Gauff’s message comes after a recent spate of mass shootings in the US.

In May, an 18-year-old gunman fatally shot 19 children and two adults at a elementary school in Uvalde, Texas before he was killed by law enforcement officers. Earlier in the month, 10 people were killed in a racially motivated mass shooting at a supermarket in Buffalo by a suspect in tactical gear who was livestreaming the attack.

On Wednesday, a shooting in Tulsa, Oklahoma left five dead including the gunman.

On Thursday, US President Joe Biden issued a fervent appeal for stricter gun laws, including a ban on assault weapons, tougher background check laws and a higher minimum age of purchase.

Using platforms for change

Gauff explained that sports stars should use their platforms to make change, and that she’s learned a lot about having a voice from other high-profile athletes.

“Definitely, I would say LeBron James, Serena (Williams), Billie Jean (King), Colin (Kaepernick), the list goes on, Naomi (Osaka), it goes on really about those issues,” she said.

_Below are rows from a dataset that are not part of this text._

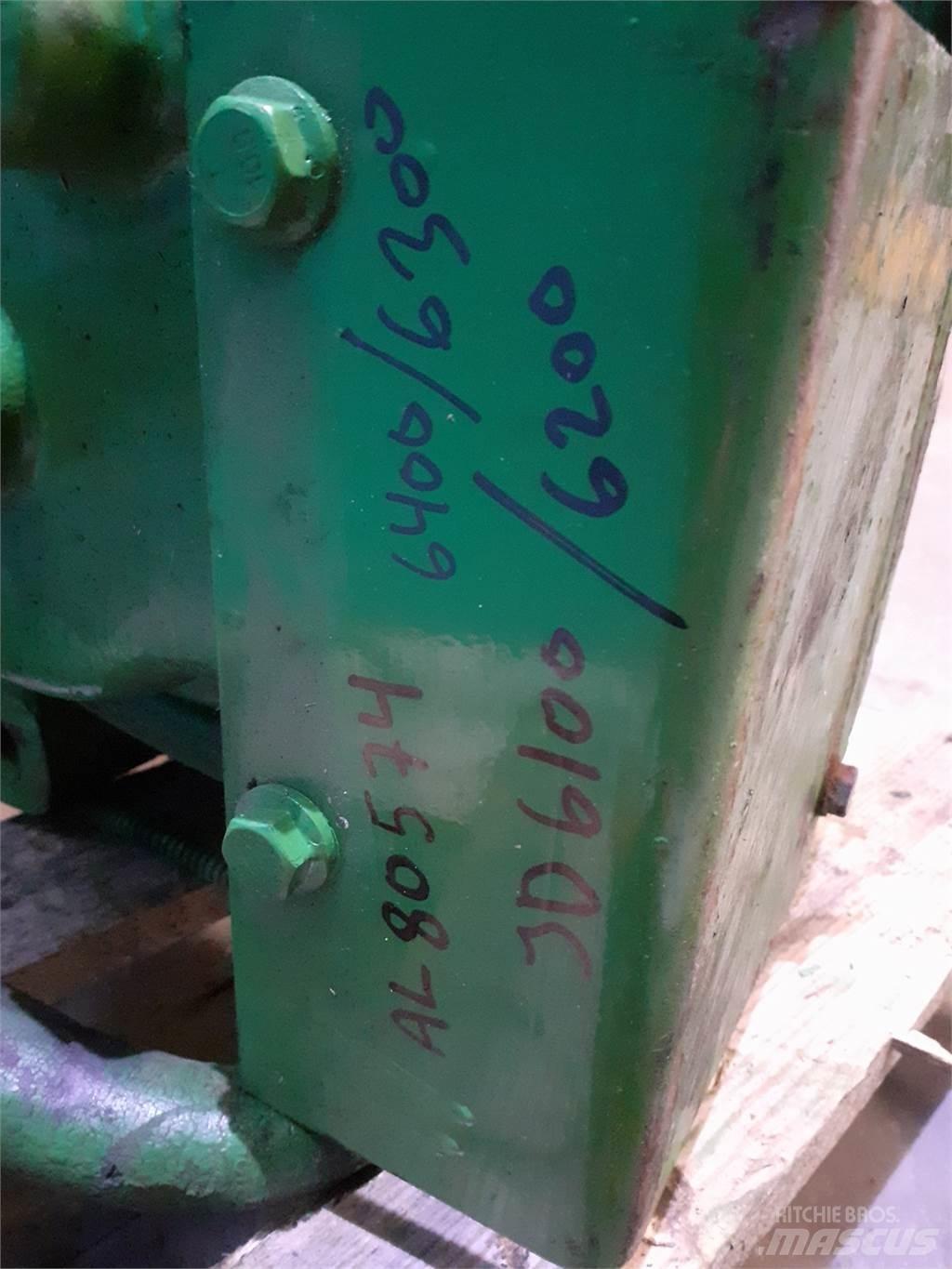 John Deere 6100 Kiti naudoti traktorių priedai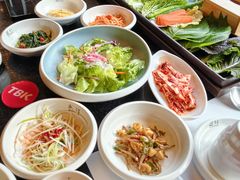 长过手臂的蔬菜盘-本家·添百客韩国料理(泰然店)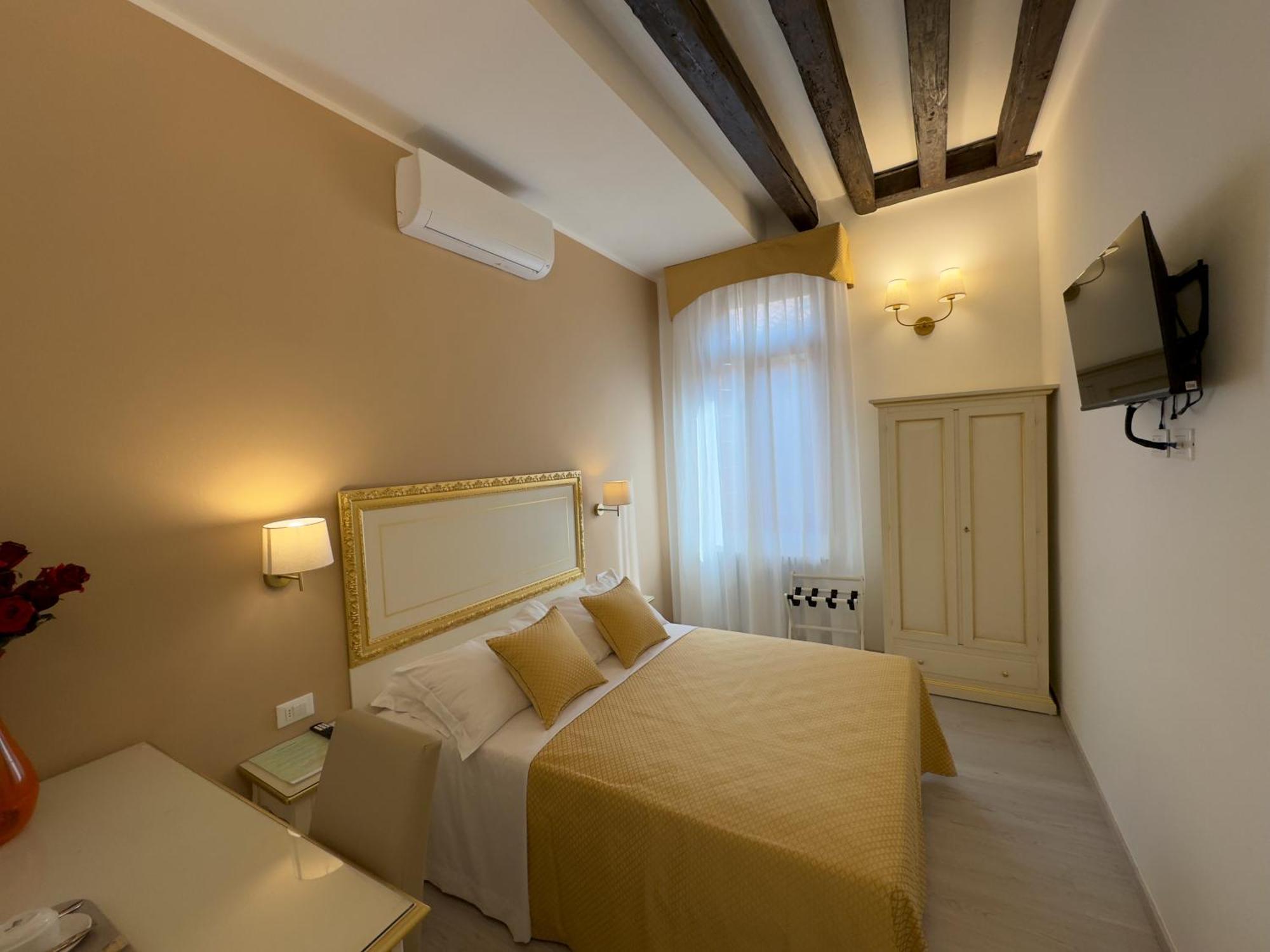 Residenza Briati Hotel Venice Room photo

“I think now athletes are more, I feel like more fine with speaking out about stuff like this. I feel like a lot of times we’re put in a box that people always say: ‘Oh, sports and politics should stay separate and all this.’ And I say, yes, but also at the same time, I’m a human first before I’m a tennis player.

Gauff plays a forehand against Trevisan.

“If I’m interested in this, I wouldn’t even consider gun violence politics; I think that’s just life in general. I don’t think that’s political at all. But just in general, I think that I’m a human first. So of course, I’m going to care about these issues and speak out about these issues.

“When people make those comments, I’m not going to be an athlete forever. There is going to be a time when I retire and all this, and I’m still going to be a human. So of course, I care about these topics.

“I think, if anything, sports gives you the platform to maybe make that message reach more people.”

Gauff will face women’s world No. 1 Iga Swiatek in Saturday’s French Open final.